In the sixth progress report on the Single Euro Payments Area (SEPA), published today, the Governing Council of the ECB welcomed the evident progress made on this project, but emphasised that work urgently remains to be done to ensure the success of SEPA. The sixth progress report also contains a list of “Ten milestones for SEPA implementation and migration”.

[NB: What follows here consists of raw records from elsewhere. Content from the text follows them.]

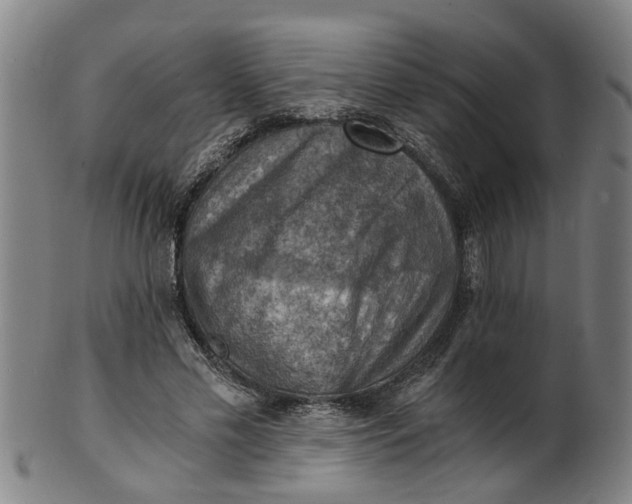 X0000101650589200807241357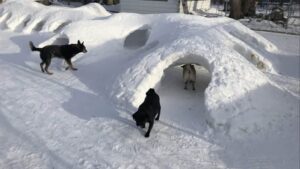 New Year, Clean Yard: Start 2026 the Right Way 🐾❄️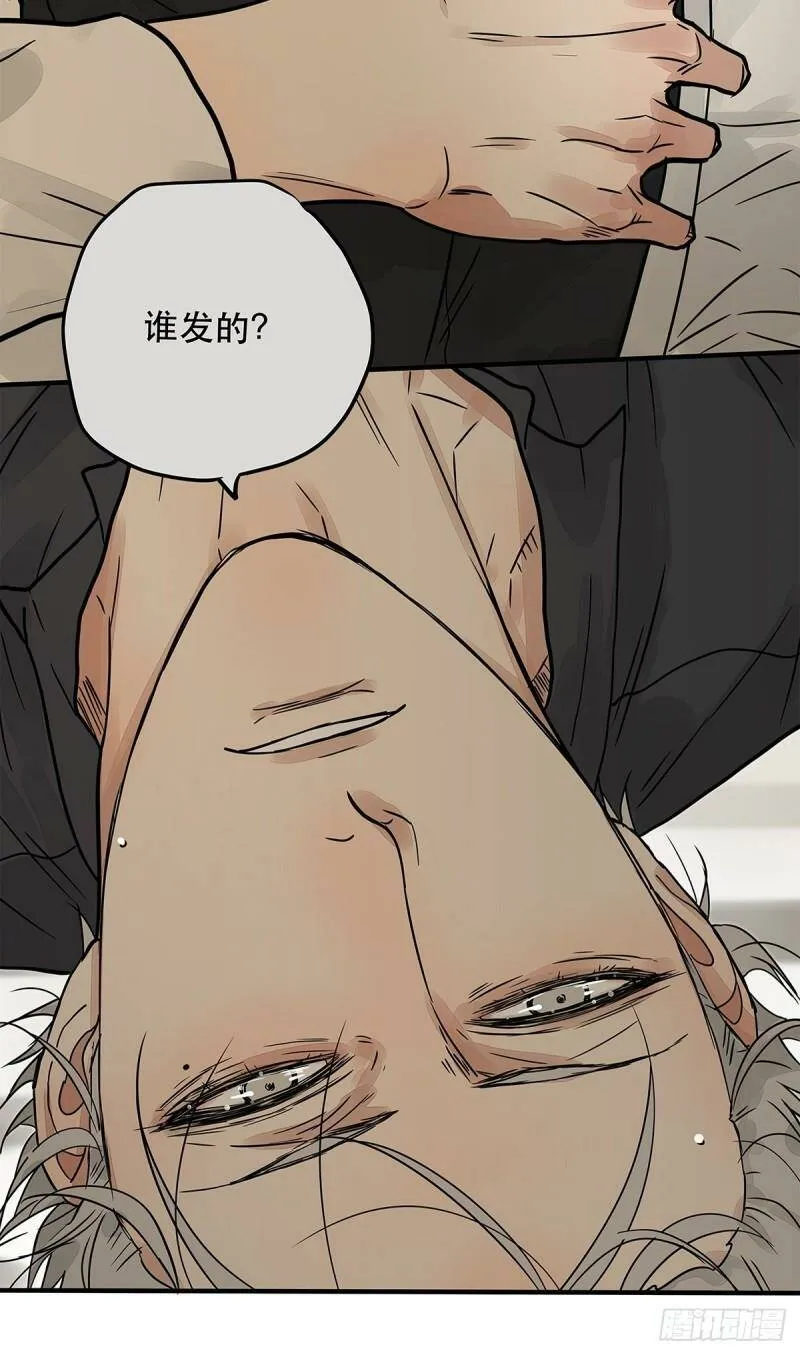 035 那些你不问的秘密15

There have been many new developments since the publication of the fifth progress report in July 2007. The successful launch of SEPA in January 2008 was a major achievement. With the introduction of the SEPA Credit Transfer (SCT) on 28 January 2008, the first benefits of SEPA have materialised for banks and, more importantly, for the end-users of payment services. National SEPA implementation and migration plans have been drafted and published. Most automated clearing houses that were processing credit transfers in euro are now able to process SCTs. In January 2008, SEPA was also started for card payments, but more effort is needed in this area if the goals of the SEPA project are to be achieved, for example the emergence of at least one additional European card scheme. Preparations for the third type of payment instrument, SEPA Direct Debit (SDD), have continued over the past year, resulting in the adoption of the Rulebooks. The launch of the SDD is scheduled for 1 November 2009. Nevertheless, the launch of this important SEPA instrument needs to be accompanied by clarification between the banking sector and the relevant competition authorities with regard to the possible interbank pricing models. This issue needs to be resolved urgently. Finally, considerable progress has been made in the fields of e-payments and mobile payments.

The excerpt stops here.